Task instructions:
Repeat verbatim, and only, the lines of the data below, beginning at the line that contains "Camiseta Manga Larga Tenth Running Hombre" and stopping after the line that contains "CHERRY PAZZI Puzzle Tři malá srdce".

Source data:
== Segment start ==
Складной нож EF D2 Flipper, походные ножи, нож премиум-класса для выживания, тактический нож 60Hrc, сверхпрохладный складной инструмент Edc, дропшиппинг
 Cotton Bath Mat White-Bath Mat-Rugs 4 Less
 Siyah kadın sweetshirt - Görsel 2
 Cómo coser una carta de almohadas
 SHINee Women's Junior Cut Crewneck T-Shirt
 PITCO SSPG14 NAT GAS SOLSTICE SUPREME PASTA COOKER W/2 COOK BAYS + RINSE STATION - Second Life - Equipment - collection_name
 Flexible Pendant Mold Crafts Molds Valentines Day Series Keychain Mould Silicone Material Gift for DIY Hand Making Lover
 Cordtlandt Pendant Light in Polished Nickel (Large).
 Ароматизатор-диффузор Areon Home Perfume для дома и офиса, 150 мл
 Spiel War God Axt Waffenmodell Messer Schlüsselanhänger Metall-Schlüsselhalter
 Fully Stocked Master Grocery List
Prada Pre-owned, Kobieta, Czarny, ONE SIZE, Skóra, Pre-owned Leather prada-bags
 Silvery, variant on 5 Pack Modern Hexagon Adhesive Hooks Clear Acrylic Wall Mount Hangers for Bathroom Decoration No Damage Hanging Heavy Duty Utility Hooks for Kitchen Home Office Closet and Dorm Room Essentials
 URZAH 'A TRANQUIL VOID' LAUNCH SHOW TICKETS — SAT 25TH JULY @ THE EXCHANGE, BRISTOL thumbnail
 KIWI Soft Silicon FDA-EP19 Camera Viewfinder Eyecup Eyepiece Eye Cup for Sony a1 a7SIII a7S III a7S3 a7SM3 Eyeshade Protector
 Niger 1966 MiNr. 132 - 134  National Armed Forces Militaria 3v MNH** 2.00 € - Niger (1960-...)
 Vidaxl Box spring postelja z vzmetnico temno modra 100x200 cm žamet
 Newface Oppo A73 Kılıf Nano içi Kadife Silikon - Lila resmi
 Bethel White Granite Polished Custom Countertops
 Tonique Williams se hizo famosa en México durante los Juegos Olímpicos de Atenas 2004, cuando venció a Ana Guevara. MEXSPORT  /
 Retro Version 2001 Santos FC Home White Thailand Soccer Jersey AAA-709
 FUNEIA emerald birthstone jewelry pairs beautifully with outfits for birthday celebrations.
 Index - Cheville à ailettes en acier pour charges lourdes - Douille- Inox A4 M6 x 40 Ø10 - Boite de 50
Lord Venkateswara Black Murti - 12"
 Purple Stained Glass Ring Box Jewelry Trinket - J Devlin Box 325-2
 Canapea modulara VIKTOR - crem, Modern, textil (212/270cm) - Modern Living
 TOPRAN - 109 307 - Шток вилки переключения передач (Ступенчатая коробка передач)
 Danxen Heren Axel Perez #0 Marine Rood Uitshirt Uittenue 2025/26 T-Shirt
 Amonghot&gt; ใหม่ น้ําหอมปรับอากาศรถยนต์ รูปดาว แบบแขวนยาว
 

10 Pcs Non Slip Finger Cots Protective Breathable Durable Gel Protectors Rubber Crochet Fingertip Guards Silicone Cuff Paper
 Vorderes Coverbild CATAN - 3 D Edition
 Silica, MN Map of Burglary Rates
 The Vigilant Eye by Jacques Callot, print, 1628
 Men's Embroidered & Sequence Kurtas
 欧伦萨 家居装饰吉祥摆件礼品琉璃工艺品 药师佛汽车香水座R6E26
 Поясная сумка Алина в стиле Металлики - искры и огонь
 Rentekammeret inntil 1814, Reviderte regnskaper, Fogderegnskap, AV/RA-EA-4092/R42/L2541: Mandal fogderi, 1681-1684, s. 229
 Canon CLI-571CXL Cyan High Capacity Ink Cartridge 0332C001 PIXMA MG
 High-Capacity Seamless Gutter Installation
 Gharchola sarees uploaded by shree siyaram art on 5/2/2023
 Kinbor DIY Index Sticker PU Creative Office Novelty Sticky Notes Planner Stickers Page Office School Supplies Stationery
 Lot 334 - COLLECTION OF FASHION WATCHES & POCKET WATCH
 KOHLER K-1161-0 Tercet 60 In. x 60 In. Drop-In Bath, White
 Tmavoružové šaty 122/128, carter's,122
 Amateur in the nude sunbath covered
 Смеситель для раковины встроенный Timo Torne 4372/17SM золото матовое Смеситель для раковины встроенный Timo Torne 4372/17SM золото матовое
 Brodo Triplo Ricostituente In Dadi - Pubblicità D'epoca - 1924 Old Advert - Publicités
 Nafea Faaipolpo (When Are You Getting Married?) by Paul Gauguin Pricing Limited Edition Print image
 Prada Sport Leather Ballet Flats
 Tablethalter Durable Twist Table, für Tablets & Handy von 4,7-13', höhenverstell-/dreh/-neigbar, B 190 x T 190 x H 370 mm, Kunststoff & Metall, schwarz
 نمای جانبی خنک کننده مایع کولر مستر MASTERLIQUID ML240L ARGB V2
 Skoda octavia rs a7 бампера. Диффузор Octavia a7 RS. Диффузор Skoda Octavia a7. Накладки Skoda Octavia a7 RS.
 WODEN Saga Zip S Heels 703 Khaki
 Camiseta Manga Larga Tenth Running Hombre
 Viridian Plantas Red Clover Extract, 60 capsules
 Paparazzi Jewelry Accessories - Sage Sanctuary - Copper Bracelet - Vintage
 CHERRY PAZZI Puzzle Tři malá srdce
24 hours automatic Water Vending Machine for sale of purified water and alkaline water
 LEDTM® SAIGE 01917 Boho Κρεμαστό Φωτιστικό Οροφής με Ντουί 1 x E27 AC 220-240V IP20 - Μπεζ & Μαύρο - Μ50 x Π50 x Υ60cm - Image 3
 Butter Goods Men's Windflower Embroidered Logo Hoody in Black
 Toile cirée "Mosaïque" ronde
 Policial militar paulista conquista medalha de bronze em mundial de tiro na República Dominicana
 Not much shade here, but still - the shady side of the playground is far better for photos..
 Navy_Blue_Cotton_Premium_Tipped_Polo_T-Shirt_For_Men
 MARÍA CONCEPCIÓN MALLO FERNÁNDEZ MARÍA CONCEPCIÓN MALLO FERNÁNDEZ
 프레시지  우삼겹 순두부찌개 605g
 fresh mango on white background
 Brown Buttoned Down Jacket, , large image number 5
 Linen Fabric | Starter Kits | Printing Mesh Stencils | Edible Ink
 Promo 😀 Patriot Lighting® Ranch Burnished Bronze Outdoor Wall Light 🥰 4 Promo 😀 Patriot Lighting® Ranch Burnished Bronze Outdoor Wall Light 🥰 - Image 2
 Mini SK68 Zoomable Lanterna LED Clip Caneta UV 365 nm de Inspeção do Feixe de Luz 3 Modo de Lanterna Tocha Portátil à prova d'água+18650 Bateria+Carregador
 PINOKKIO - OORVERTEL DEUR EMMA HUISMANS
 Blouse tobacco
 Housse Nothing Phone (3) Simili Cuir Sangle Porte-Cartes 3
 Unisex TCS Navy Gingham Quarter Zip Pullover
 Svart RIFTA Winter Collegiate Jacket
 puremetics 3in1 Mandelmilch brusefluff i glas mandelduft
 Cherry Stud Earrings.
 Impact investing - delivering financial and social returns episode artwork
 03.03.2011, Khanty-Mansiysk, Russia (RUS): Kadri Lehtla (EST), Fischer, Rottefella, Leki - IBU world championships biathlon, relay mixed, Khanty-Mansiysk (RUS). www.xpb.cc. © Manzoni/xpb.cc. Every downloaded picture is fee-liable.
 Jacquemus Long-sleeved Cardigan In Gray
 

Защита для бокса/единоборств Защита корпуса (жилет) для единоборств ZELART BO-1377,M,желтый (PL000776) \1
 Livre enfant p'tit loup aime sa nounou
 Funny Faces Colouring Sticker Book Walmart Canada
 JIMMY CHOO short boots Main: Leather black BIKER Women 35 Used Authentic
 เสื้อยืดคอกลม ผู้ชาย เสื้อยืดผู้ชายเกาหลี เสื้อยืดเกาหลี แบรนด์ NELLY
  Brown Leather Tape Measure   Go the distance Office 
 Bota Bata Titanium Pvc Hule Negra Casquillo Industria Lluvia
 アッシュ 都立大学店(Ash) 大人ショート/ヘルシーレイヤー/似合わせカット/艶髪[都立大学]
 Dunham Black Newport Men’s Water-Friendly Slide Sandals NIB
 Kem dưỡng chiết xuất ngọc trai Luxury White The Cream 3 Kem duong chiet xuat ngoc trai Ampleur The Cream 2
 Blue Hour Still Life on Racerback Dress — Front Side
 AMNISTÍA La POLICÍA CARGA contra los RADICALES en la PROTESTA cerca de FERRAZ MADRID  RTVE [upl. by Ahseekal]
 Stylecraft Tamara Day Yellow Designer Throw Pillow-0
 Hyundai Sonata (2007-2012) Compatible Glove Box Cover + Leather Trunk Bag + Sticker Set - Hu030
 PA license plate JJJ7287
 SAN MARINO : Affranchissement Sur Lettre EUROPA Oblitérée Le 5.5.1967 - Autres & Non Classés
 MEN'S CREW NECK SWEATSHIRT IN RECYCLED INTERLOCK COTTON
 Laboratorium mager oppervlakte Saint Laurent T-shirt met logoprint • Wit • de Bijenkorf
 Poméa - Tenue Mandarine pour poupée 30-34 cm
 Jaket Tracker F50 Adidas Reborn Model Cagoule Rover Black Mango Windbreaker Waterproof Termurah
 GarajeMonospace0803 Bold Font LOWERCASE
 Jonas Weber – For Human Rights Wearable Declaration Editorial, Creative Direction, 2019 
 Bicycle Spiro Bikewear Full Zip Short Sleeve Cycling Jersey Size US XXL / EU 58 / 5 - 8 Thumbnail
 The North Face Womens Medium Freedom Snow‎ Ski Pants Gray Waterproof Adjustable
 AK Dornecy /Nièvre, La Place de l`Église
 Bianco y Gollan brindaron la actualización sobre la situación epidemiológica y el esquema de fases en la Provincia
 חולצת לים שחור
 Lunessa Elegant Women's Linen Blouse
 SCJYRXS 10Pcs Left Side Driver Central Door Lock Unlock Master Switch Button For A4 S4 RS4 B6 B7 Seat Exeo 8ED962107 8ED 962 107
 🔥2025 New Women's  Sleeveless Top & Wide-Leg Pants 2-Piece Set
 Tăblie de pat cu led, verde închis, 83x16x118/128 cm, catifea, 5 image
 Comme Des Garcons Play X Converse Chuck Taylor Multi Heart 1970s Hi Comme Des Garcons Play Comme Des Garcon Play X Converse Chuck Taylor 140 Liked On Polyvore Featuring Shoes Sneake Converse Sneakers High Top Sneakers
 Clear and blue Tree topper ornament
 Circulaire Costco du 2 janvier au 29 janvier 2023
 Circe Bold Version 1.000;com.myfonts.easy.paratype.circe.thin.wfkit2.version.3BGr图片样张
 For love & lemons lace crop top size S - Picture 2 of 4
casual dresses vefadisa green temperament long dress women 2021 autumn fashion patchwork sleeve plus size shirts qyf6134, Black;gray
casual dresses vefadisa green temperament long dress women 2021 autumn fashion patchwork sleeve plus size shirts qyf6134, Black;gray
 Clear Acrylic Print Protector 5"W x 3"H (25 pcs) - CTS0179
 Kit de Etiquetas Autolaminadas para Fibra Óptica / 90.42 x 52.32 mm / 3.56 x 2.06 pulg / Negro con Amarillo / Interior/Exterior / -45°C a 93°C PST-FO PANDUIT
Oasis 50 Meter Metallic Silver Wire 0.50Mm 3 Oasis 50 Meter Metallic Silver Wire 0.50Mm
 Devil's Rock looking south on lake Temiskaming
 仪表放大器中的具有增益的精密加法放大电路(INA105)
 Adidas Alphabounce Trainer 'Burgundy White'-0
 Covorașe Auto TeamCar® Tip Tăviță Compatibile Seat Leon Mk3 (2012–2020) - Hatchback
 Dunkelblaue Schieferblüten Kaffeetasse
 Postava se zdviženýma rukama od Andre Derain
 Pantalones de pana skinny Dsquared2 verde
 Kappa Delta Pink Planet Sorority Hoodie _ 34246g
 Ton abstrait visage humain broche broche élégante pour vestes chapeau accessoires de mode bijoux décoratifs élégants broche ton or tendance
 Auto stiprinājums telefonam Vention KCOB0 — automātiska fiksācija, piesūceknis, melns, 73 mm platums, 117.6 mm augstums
== Segment end ==
Output below:
 Camiseta Manga Larga Tenth Running Hombre
 Viridian Plantas Red Clover Extract, 60 capsules
 Paparazzi Jewelry Accessories - Sage Sanctuary - Copper Bracelet - Vintage
 CHERRY PAZZI Puzzle Tři malá srdce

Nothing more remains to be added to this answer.